The Hawaii State Teachers Association has yet another complaint against the state, but this one isn’t about what is in the contract Gov. Neil Abercrombie imposed on teachers in July. It’s about what’s not in it.

The state promised in its Race to the Top application that it would implement evaluations for all the state’s 12,500 teachers by 2014. Toward that end, the Department of Education plans to pilot new teacher evaluation models in designated this year. The problem is that the new teacher contract — already controversial in its own right — makes no mention of the evaluation trials.

The union says they should have been negotiated, and the department says negotiations were unnecessary because the teachers affected are already on board. The pilot will have no bearing on their official records anyway, the department says.

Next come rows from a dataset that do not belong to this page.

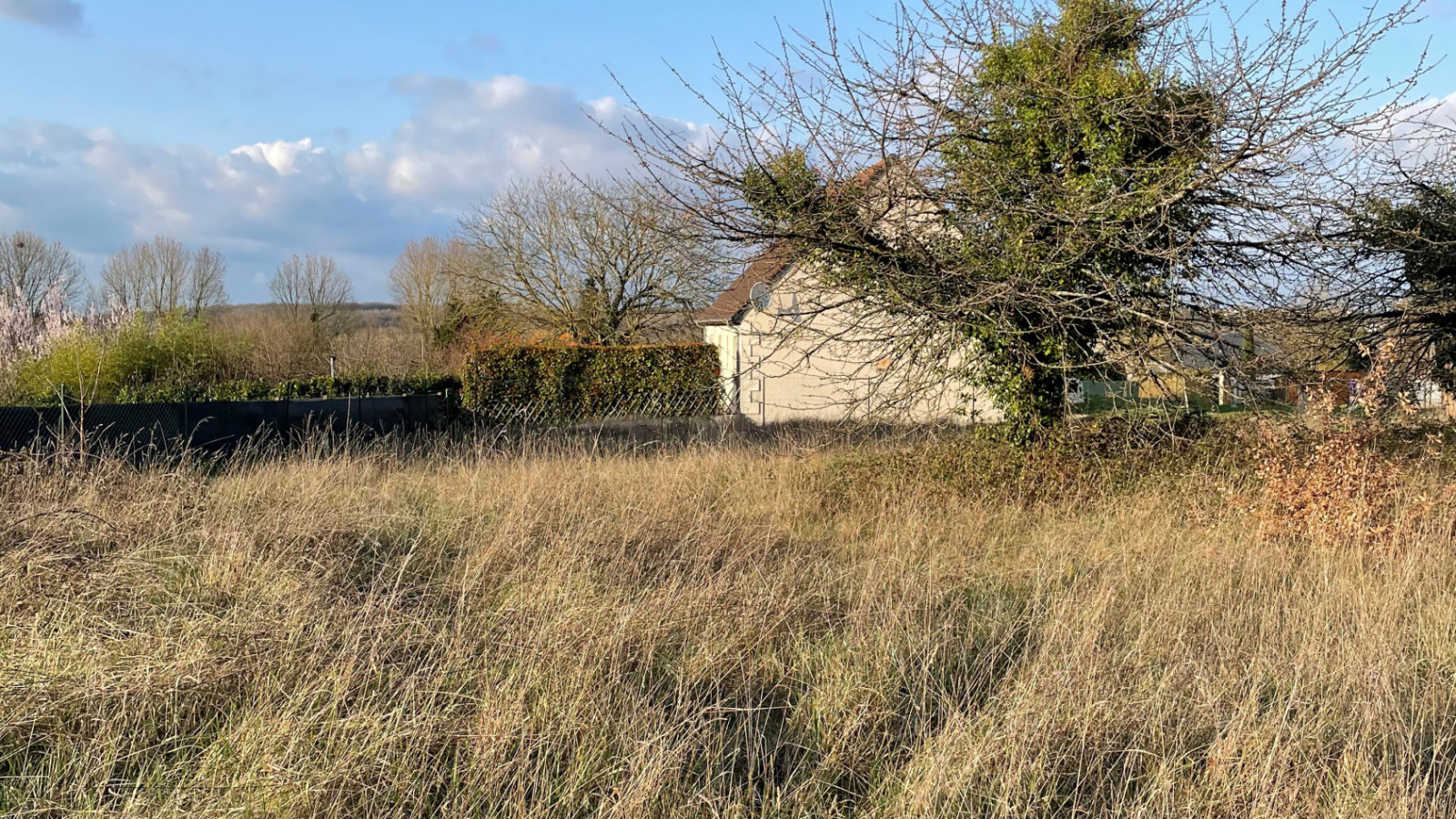 Terrain constructible de 511m2 à La Croix-en-Touraine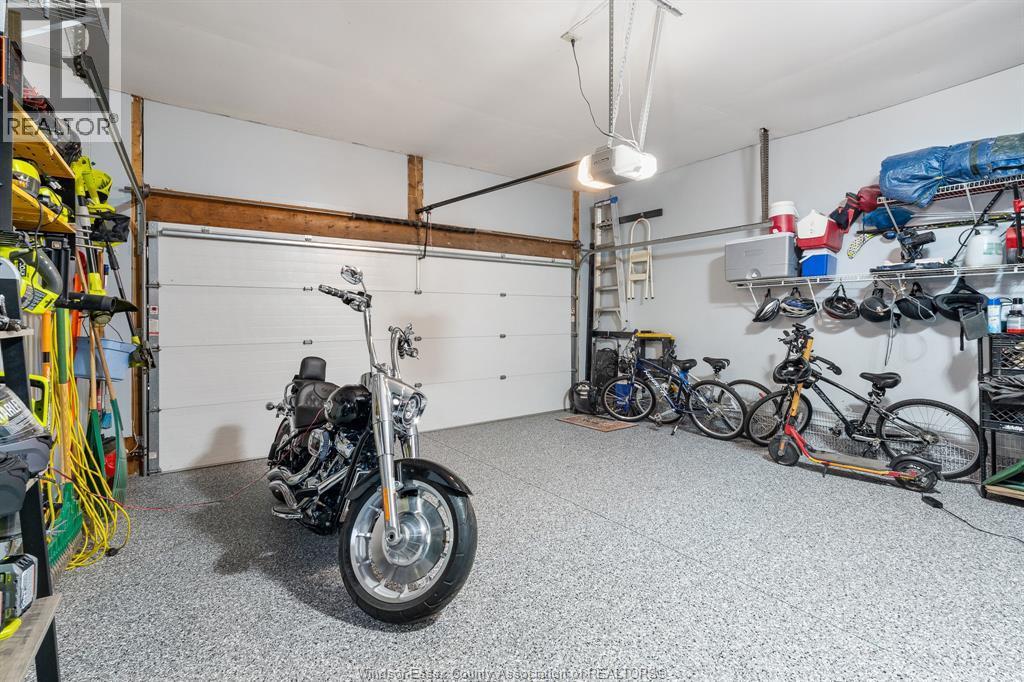 538 Michael Crescent, Lasalle, ON - Indoor Photo Showing Garage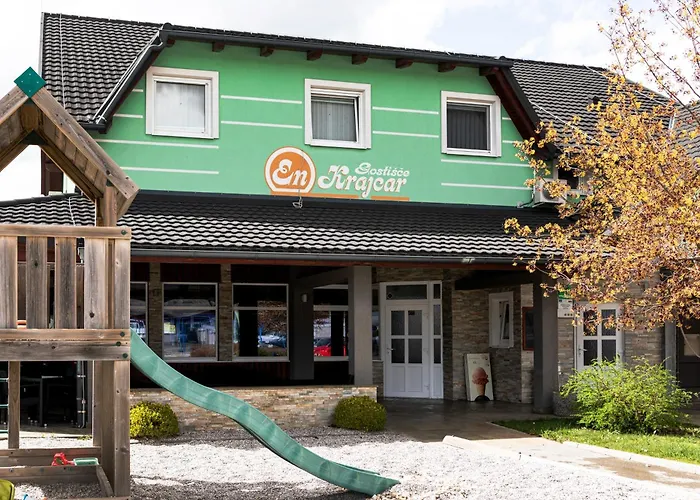 En Krajcar 3* ツェルクニツァ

Union President Wil Okabe is disappointed, he wrote in a July 25 letter to Superintendent Kathryn Matayoshi, that the department plans to bypass the collective bargaining process in order to implement the pilot project. He said state law “requires that the terms of an evaluation system be collectively bargained,” citing of the Hawaii Revised Statutes, and requested that she reconsider the decision to implement the trial evaluations without negotiations.

“An effective teacher evaluation system requires a collaborative process that is based on trust and fairness,” he wrote.

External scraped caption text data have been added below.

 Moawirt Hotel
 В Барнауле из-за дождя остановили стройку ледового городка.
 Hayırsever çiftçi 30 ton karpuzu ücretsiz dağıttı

Okabe told Civil Beat that the specific statute he had in mind when he wrote the letter was Section 89-10.8, part 3, which talks about the grievance procedure for employee failure to meet performance standards.

But Mataoyshi reassured him in her response, dated Aug. 2, that teachers participating in the pilot program will not face adverse actions.

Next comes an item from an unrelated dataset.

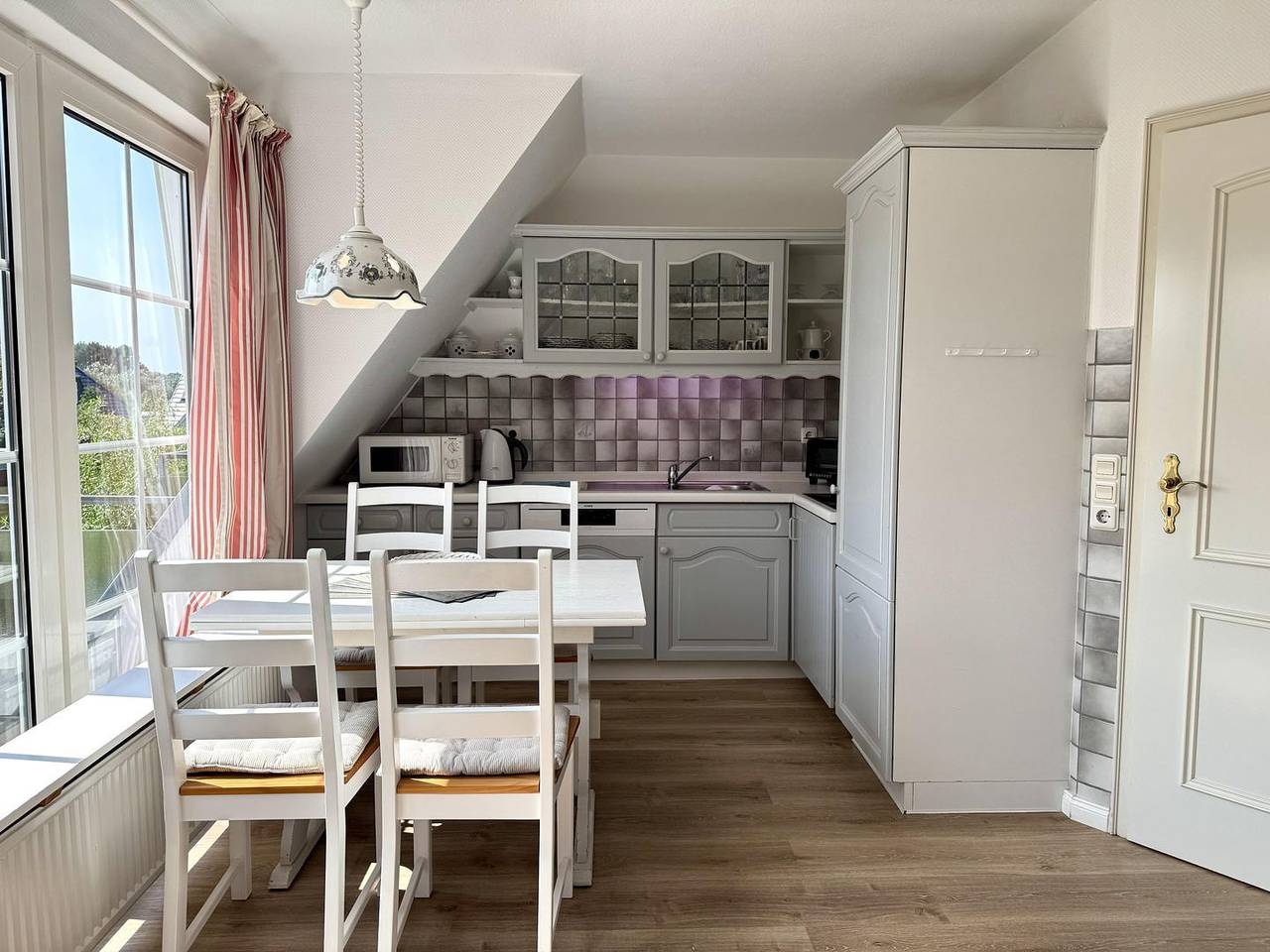 Ganze Wohnung, Gemütliche 3-Zimmer Ferienwohnung für 4 Personen, strandnah in Westerland in Westerland, Sylt (Gemeinde)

“For school year 2011-12, we will not create a new evaluation system for the ZSI that will be part of the teachers’ personnel record,” she wrote. “We will continue to use the existing (model) under the current evaluation cycle.”

Her letter also focuses on the fact that the department has been and will continue to work with the teachers affected by the pilot program.

“As we have throughout this process, we will continue our collaboration and work with our ZSI teachers and principals to select a specific model to use in observing, supporting, and coaching teachers.”

Okabe said union leaders are not opposed to evaluations, but because the pilots will eventually determine the evaluation method for all teachers, they would like to be involved in the development process.

“We want to be accountable for teacher quality,” he said.